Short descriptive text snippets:
-- Opening Marker --

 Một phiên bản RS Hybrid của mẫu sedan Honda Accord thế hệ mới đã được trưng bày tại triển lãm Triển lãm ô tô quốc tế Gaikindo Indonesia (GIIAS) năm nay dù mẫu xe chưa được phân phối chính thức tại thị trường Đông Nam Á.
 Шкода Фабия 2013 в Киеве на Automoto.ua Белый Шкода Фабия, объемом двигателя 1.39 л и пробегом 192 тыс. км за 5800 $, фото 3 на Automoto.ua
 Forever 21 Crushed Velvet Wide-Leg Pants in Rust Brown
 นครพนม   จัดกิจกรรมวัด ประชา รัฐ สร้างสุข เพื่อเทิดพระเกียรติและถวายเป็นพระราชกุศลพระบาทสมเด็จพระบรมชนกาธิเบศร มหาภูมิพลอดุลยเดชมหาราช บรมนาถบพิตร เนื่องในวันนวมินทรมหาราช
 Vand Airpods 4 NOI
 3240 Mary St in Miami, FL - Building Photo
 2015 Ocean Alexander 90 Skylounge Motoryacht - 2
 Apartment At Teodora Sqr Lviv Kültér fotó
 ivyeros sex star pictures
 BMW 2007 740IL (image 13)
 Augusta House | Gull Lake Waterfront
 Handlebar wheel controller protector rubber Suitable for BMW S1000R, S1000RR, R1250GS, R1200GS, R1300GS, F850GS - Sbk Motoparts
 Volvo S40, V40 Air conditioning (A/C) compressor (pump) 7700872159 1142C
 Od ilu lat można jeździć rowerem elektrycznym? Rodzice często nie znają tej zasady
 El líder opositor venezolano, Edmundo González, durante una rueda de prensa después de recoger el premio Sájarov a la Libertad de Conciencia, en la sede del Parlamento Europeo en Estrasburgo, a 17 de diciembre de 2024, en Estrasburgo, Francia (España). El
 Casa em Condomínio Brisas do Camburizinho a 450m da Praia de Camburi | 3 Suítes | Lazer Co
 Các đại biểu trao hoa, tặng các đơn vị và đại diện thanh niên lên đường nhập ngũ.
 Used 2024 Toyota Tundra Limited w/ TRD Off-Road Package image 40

-- Closing Marker --

WHAT IS NEEDED: Your answer must be an exact copy of every entry above.

EXERCISE ANSWER:
 Một phiên bản RS Hybrid của mẫu sedan Honda Accord thế hệ mới đã được trưng bày tại triển lãm Triển lãm ô tô quốc tế Gaikindo Indonesia (GIIAS) năm nay dù mẫu xe chưa được phân phối chính thức tại thị trường Đông Nam Á.
 Шкода Фабия 2013 в Киеве на Automoto.ua Белый Шкода Фабия, объемом двигателя 1.39 л и пробегом 192 тыс. км за 5800 $, фото 3 на Automoto.ua
 Forever 21 Crushed Velvet Wide-Leg Pants in Rust Brown
 นครพนม   จัดกิจกรรมวัด ประชา รัฐ สร้างสุข เพื่อเทิดพระเกียรติและถวายเป็นพระราชกุศลพระบาทสมเด็จพระบรมชนกาธิเบศร มหาภูมิพลอดุลยเดชมหาราช บรมนาถบพิตร เนื่องในวันนวมินทรมหาราช
 Vand Airpods 4 NOI
 3240 Mary St in Miami, FL - Building Photo
 2015 Ocean Alexander 90 Skylounge Motoryacht - 2
 Apartment At Teodora Sqr Lviv Kültér fotó
 ivyeros sex star pictures
 BMW 2007 740IL (image 13)
 Augusta House | Gull Lake Waterfront
 Handlebar wheel controller protector rubber Suitable for BMW S1000R, S1000RR, R1250GS, R1200GS, R1300GS, F850GS - Sbk Motoparts
 Volvo S40, V40 Air conditioning (A/C) compressor (pump) 7700872159 1142C
 Od ilu lat można jeździć rowerem elektrycznym? Rodzice często nie znają tej zasady
 El líder opositor venezolano, Edmundo González, durante una rueda de prensa después de recoger el premio Sájarov a la Libertad de Conciencia, en la sede del Parlamento Europeo en Estrasburgo, a 17 de diciembre de 2024, en Estrasburgo, Francia (España). El
 Casa em Condomínio Brisas do Camburizinho a 450m da Praia de Camburi | 3 Suítes | Lazer Co
 Các đại biểu trao hoa, tặng các đơn vị và đại diện thanh niên lên đường nhập ngũ.
 Used 2024 Toyota Tundra Limited w/ TRD Off-Road Package image 40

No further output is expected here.